Chaque été se tiennent, dans les jardins du château de Versailles, les Grandes Eaux Nocturnes. Des commandes sont passées ; des projets sont pensés ; des performances sont montées ; tous dans le but d'insuffler un peu de vie à l'un des symboles de la monarchie à son apogée. C'est le mot d'ordre de la politique culturelle française. On tente de satisfaire l'âme en peine de monuments en jouant avec l'eau, le son et la lumière. L'éphémère bouscule les pierres anciennes puis disparaît, laissant parfois sur son passage quelques gravures immatérielles, comme
The Versailles Sessions de
Murcof.
Il a pourtant fallu attendre un an et demi pour se mettre
The Versailles Sessions sous l'oreille. Jusque là, il n'en subsistait de traces que dans le château lui-même. On ne sait trop si ce sont des raisons contractuelles, techniques, ou la simple volonté d'entretenir quelques mysticismes qui ont poussé
Leaf a les publier si tard, mais peu importe. Pour
Murcof, cet album ne succède pas à
Cosmos. Le mexicain préfère que l'on considère cette galette comme le fruit d'un projet à part entière. Les produits issus de commandes occupent souvent cette place un peu ambigüe pour leur géniteur ; l'écoute de
The Versailles Sessions nous laisse aisément comprendre pourquoi.

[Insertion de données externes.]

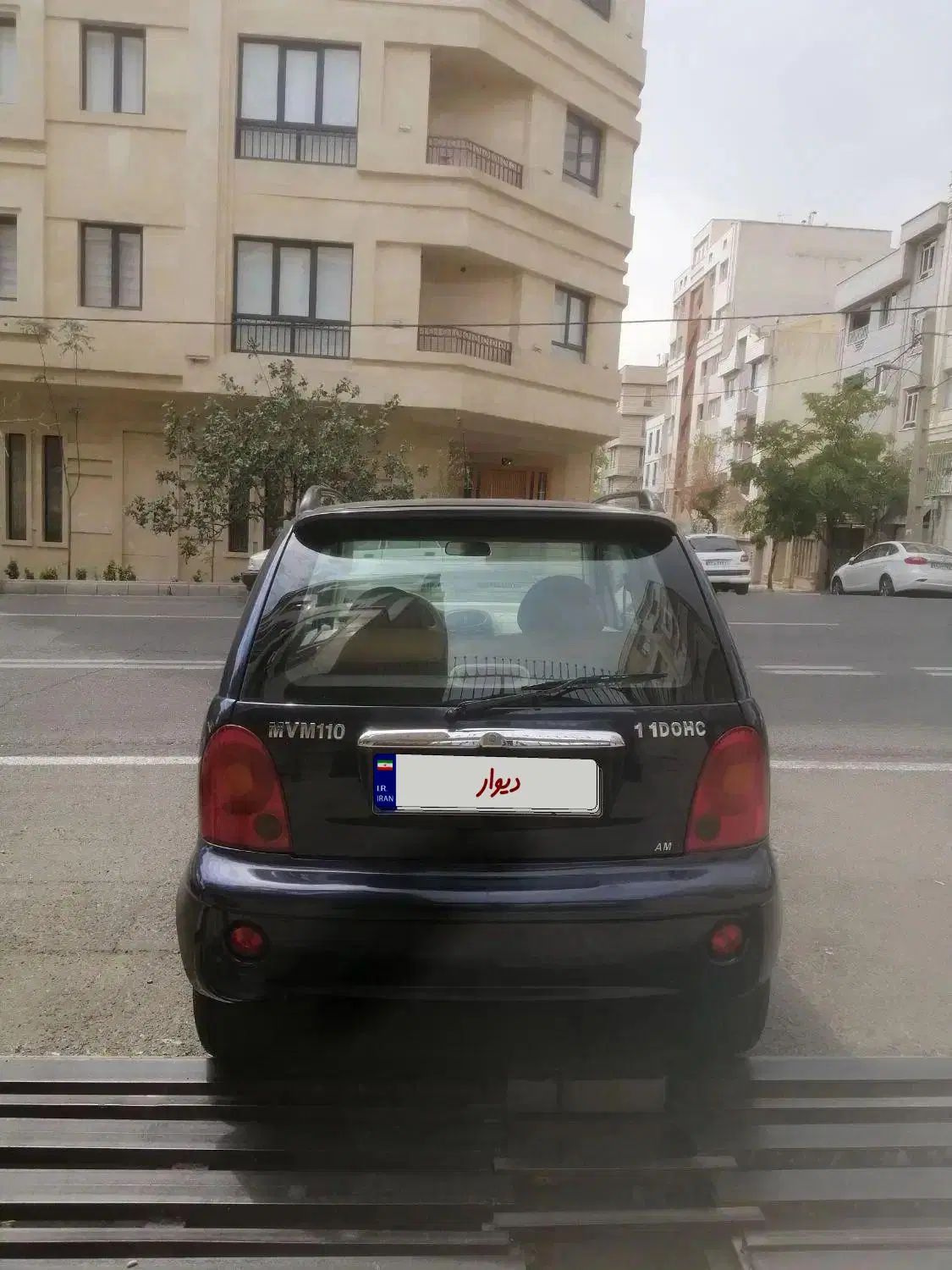 ام وی ام 110 چهار سیلندر اتوماتیک - 1390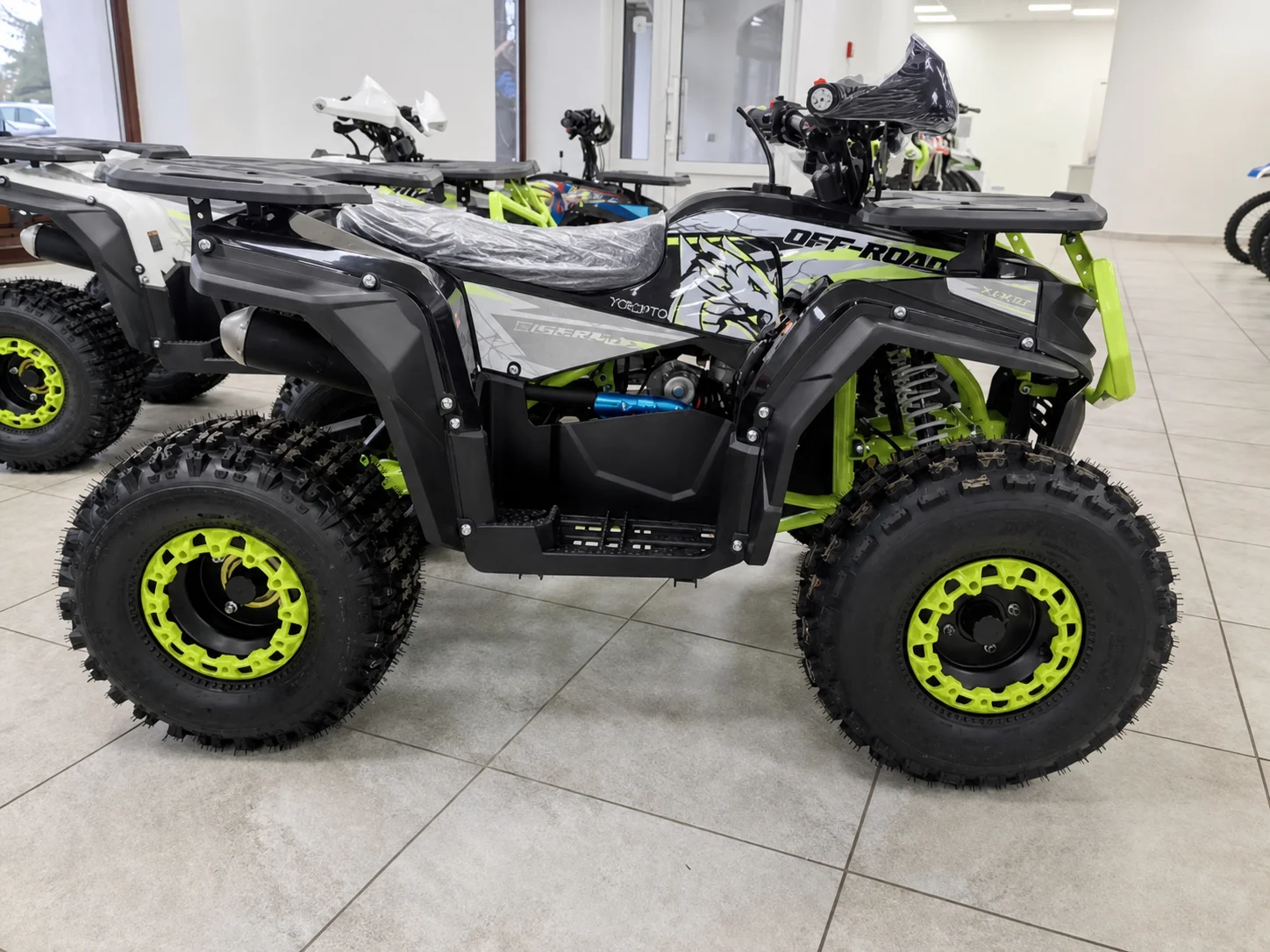Квадроцикл Yacota Dragon 125 - миниатюра 3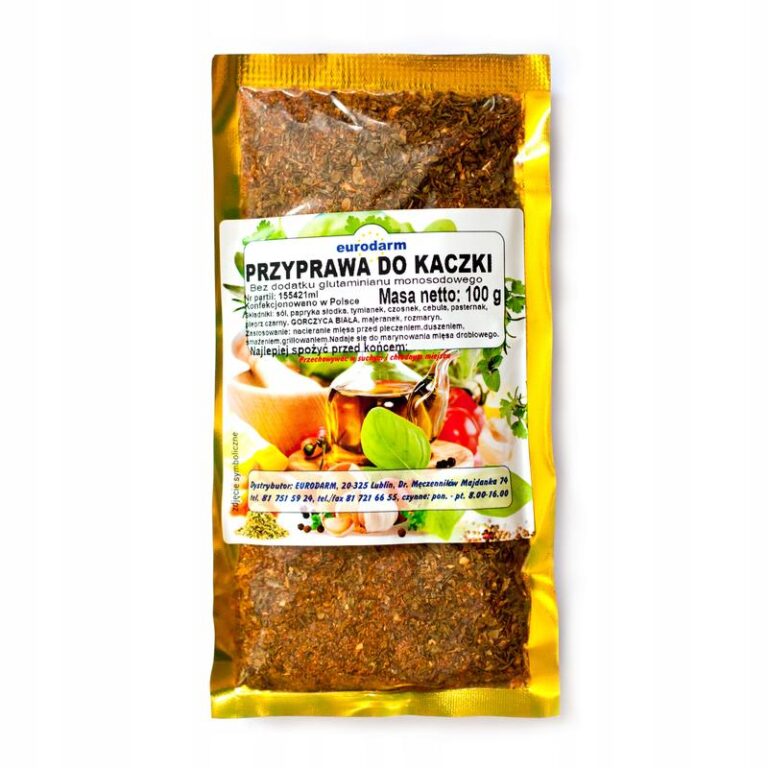 Odkryj, jakie przyprawy uwielbia kaczka w doskonałych potrawach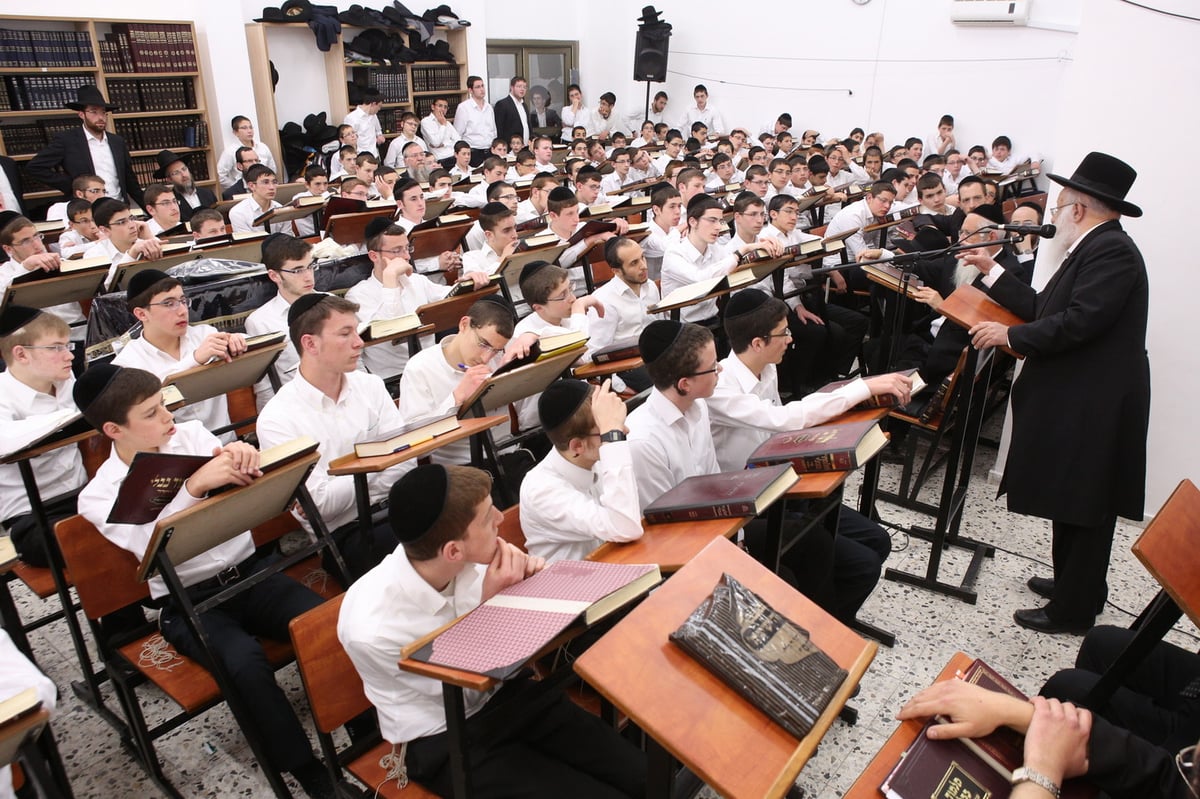 תיעוד: פתיחת זמן קיץ ב'אוצר התורה'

Mise à part une discrète apparition sur
Lully's Turquerie As Interpret, les rythmiques ont complètement disparu. Thématique oblige,
Murcof met à l'honneur des instruments typiques du XVIIème : le violon, la flute, le clavecin, la viole de gambe, et le chant lyrique. On reconnaît toujours la patte du compositeur dans sa façon d'apporter une profondeur ambiante à ses compositions, mais son travail se situe beaucoup plus dans la manipulation des sonorités acoustiques que dans l'apport d'une couche proprement électronique.
Comme le steampunk s'efforce de nous plonger dans un univers à cheval entre le XIXème et la science-fiction, Murcof tente le pont entre le XVIIème et aujourd'hui. Sa vision de Versailles n'a rien d'une carte postale. Elle va plutôt chercher dans ses sous-terrains cachés ou ses geôles enterrées avec leurs secrets. L'exercice de style est réussi, mais se destine avant tout aux inconditionnels du genre. Les autres auront mieux fait de découvrir l'immense talent de
Murcof en commençant par ses premiers albums.